Актеры молчали — задумались. Тишина установилась в зале, публика не переговаривалась, не кашляла, не шелестела бумажками. Что-то тихо бормотал Фирс. За противоположной кулисой техник дергал гитарную струну. Но (причуды местной акустики!) казалось, что звук шел сверху, с неба.
Вздрогнула Любовь Андреевна:
— Это что?
— Не знаю, — ответил Лопахин. — Где-нибудь далеко в шахтах сорвалась бадья. Но где-нибудь очень далеко.
— А может быть, птица какая-нибудь… — предположил Гаев, — вроде цапли.
Любовь Андреевна снова вздрогнула:
— Неприятно почему-то.
— Перед несчастьем тоже было, — скрипуче и многозначительно заметил старик Фирс, — и сова кричала, и самовар гудел бесперечь.
— Перед каким несчастьем? — поинтересовался Гаев.
На этом месте Гордеев поднялся и стал тихонько пробираться к выходу. На него зашикали. Он лениво отмахнулся. Все-таки бедная Валечка Карандышева была не права. Если этот сибирский грузин и гениален, то умело это скрывает. Вместе со своими актерами.
3
Безотказный Чебанадзе устроил так, что Локтева из плотников переквалифицировали в рабочие сцены. В перерывах тот перетаскивал декорации, во время действия дежурил у огнетушителя за третьей кулисой, а заодно мог спокойно спектакль посмотреть. Правда, актеров видел в основном со спины, зато слышно было отменно.
Здесь, за сценой, ощутимо пахло краской: хоть Чебанадзе и приказал перед спектаклем обрызгать зал освежителем воздуха, вряд ли кто-то почувствовал себя как бы в цветущем вишневом саду.

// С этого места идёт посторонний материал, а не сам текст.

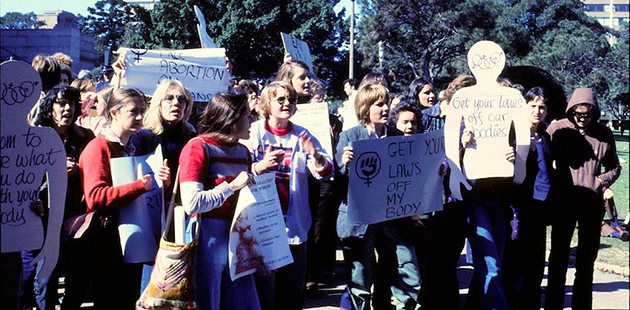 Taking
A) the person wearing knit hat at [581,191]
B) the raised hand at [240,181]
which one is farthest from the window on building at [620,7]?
the raised hand at [240,181]

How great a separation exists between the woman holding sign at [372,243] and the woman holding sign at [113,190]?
1.39m

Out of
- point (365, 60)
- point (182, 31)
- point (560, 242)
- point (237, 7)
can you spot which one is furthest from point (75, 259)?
→ point (365, 60)

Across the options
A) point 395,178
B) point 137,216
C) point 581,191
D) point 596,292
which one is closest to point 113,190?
point 137,216

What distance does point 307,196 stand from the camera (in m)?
4.52

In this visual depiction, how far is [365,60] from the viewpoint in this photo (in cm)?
4847

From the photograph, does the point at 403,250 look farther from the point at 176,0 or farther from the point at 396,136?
the point at 176,0

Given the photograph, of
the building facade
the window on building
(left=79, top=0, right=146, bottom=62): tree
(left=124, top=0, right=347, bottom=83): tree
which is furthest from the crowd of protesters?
the window on building

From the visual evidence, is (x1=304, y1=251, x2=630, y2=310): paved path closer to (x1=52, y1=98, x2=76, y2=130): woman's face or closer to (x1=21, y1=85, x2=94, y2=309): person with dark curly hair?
(x1=21, y1=85, x2=94, y2=309): person with dark curly hair

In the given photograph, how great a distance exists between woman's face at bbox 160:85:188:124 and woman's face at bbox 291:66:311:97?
1200 millimetres

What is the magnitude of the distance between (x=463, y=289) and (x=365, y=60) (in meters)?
42.7

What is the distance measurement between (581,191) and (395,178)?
1.86 meters

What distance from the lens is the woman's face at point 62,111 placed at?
441 cm

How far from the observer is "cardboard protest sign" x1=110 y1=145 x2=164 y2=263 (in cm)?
387

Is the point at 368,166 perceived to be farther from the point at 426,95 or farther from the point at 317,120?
the point at 426,95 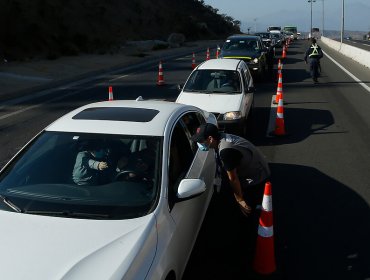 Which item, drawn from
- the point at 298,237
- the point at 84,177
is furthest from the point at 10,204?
the point at 298,237

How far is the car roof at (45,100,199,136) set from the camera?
4254 millimetres

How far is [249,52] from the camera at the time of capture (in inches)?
763

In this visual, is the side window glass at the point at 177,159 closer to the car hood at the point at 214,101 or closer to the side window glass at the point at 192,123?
the side window glass at the point at 192,123

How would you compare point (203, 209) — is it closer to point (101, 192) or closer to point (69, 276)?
point (101, 192)

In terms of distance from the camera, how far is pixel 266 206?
4.52 m

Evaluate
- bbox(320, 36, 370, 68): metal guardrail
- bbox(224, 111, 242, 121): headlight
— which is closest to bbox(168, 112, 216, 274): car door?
bbox(224, 111, 242, 121): headlight

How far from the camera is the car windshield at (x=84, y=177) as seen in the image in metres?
3.64

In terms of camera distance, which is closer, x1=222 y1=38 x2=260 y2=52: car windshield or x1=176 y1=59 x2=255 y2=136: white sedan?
x1=176 y1=59 x2=255 y2=136: white sedan

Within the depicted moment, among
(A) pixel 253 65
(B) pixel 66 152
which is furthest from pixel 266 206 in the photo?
(A) pixel 253 65

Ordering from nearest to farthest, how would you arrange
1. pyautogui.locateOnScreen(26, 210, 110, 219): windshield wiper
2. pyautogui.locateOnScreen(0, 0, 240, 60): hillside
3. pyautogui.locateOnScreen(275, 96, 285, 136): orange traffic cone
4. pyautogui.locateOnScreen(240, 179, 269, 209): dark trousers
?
pyautogui.locateOnScreen(26, 210, 110, 219): windshield wiper, pyautogui.locateOnScreen(240, 179, 269, 209): dark trousers, pyautogui.locateOnScreen(275, 96, 285, 136): orange traffic cone, pyautogui.locateOnScreen(0, 0, 240, 60): hillside

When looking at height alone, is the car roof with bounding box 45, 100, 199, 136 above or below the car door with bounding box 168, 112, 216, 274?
above

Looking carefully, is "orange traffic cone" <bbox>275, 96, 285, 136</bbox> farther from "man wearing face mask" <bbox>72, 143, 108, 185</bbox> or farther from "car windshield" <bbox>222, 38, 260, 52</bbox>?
"car windshield" <bbox>222, 38, 260, 52</bbox>

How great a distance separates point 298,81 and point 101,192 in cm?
1733

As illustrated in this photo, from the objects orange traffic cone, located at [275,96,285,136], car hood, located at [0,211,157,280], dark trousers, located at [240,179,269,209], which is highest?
car hood, located at [0,211,157,280] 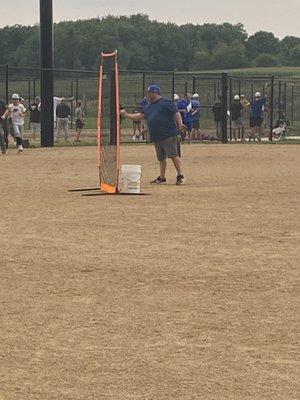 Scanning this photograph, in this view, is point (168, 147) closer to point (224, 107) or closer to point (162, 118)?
point (162, 118)

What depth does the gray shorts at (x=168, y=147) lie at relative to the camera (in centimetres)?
1719

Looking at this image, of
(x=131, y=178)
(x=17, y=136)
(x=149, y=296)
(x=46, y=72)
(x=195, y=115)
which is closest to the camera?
(x=149, y=296)

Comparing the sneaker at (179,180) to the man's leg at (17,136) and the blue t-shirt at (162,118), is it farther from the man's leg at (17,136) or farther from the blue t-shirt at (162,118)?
the man's leg at (17,136)

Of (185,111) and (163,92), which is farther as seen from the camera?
(163,92)

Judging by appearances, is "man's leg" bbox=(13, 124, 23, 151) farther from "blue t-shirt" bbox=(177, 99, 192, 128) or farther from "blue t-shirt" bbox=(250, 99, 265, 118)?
"blue t-shirt" bbox=(250, 99, 265, 118)

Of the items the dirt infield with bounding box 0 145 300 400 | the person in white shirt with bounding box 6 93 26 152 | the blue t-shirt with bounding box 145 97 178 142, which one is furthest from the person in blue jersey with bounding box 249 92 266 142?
the dirt infield with bounding box 0 145 300 400

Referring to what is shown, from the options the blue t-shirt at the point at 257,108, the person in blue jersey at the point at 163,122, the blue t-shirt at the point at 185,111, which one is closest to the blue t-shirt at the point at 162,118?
the person in blue jersey at the point at 163,122

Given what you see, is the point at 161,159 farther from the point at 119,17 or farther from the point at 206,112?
the point at 119,17

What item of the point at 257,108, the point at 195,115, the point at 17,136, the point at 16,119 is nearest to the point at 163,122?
the point at 17,136

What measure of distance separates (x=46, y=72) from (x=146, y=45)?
6700cm

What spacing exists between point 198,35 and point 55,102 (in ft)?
266

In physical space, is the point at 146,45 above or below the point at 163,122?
above

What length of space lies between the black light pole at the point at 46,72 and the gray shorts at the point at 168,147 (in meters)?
14.4

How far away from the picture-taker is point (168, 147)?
56.5 ft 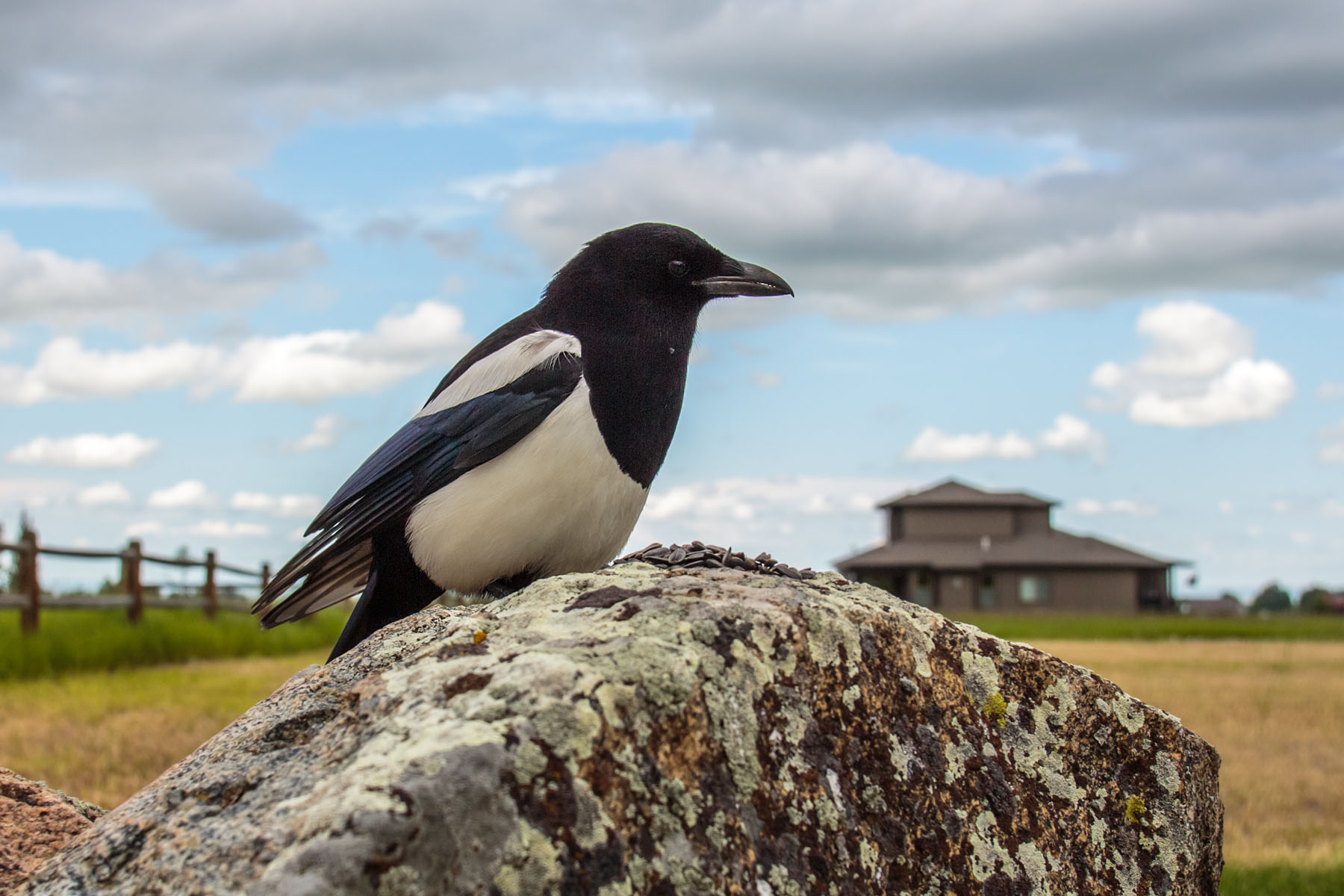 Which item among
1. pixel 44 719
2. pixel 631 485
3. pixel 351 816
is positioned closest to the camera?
pixel 351 816

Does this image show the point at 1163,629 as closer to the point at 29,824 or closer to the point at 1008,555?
the point at 1008,555

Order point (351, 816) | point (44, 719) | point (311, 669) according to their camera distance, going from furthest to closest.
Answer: point (44, 719) < point (311, 669) < point (351, 816)

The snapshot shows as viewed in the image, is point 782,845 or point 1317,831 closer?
point 782,845

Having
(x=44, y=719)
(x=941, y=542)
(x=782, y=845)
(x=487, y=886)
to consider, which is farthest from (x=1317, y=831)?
(x=941, y=542)

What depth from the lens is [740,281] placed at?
3812 millimetres

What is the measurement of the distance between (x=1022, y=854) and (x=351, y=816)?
141cm

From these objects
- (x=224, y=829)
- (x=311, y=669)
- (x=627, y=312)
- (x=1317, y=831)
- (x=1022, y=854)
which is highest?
(x=627, y=312)

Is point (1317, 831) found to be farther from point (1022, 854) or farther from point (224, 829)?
point (224, 829)

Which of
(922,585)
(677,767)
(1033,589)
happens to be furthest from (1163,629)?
(677,767)

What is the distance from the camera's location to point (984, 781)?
2.46 metres

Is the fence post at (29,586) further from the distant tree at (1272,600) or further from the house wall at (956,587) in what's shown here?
the distant tree at (1272,600)

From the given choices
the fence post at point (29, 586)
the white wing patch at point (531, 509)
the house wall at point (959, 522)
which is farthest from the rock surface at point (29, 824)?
the house wall at point (959, 522)

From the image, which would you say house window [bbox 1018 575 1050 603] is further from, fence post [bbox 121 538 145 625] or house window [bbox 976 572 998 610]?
fence post [bbox 121 538 145 625]

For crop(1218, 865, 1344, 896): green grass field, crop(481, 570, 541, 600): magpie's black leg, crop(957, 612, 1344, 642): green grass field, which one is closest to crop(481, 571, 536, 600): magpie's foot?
crop(481, 570, 541, 600): magpie's black leg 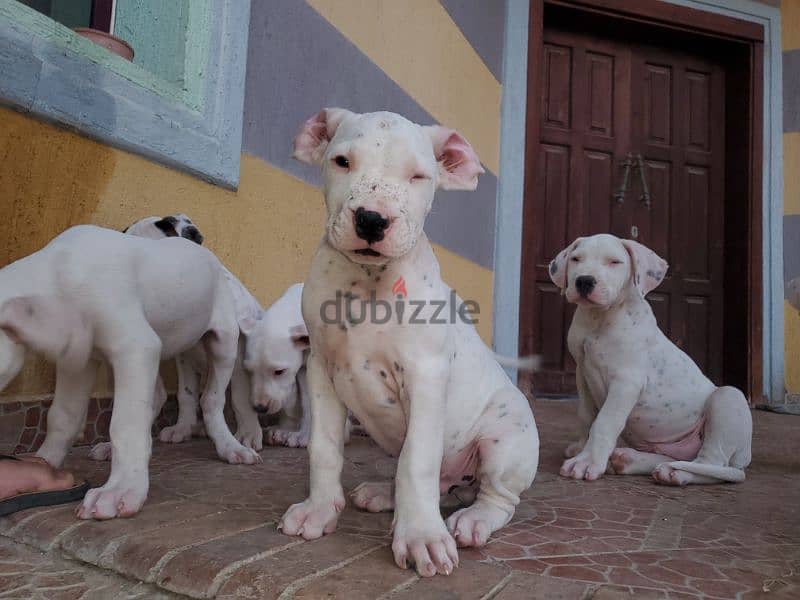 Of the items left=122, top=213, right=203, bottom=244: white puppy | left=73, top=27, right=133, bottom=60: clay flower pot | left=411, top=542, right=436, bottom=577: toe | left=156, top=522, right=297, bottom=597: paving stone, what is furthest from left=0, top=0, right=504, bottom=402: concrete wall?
left=411, top=542, right=436, bottom=577: toe

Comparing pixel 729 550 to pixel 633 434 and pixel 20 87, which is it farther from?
pixel 20 87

Скорее на строительстве, где-то рядом с садом.
Локтев осторожно выглянул из-за кулисы: Богомолов был на своем месте, один. В первом действии в его ложе торчали еще какие-то люди, но теперь исчезли: вероятно, решили дать мэру возможность спокойно насладиться пьесой. Молодцы, правильно, посмотреть действительно есть на что. Играют здорово.
Локтев оглянулся: боковой выход свободен. Дверь приоткрыта, на ступеньках лестницы, кажется, никого нет. Свет потихоньку убирают, на сцене стало почти темно.
— Перед каким несчастьем? — сказал Гаев.
…Пора! Сейчас вы получите свой спектакль…
Локтев вынул из кармана «дистанционку» и медленно, со значением, вдавил кнопку. Вспышка в мэрской ложе затмила прожектор, а по ушам резануло так, будто истребитель на сверхзвуке пропорол крышу, опять же — причуды акустики — взрыв был не слишком мощный, рассчитанный на разрушение исключительно ложи, и ничего больше.
Досматривать, что будет дальше, Локтев не стал. От мэрской ложи точно ничего не осталось, а как большие шишки будут приводить в чувство своих перепуганных дам в партере, а телохранители — их самих, было уже неинтересно и неважно. Локтев скатился по ступенькам и через черный ход выбрался в переулок.
4
Да, в этом городке не соскучишься. Тонут иностранцы, взрываются особняки, погибают адвокаты, мэры… Что-то будет дальше?
Гордеев, вернувшись в гостиницу, решил в кои-то веки посмотреть местные новости. Конечно, только и разговоров было что о театральной премьере. Однако после того как он сделал свои традиционные отжимания и принял в душ, по телевизору было уже нечто другое. Адвокат некоторое время ошарашенно смотрел на экран, на котором держалась в кадре черно-белая фотография худощавого мужского лица. Это была криминальная сводка местного телевидения. Потом он убрал звук и позвонил Денису Грязнову, но не смог нигде его найти. Тогда набрал Турецкого, но Александр Борисович сам задал ему первый вопрос.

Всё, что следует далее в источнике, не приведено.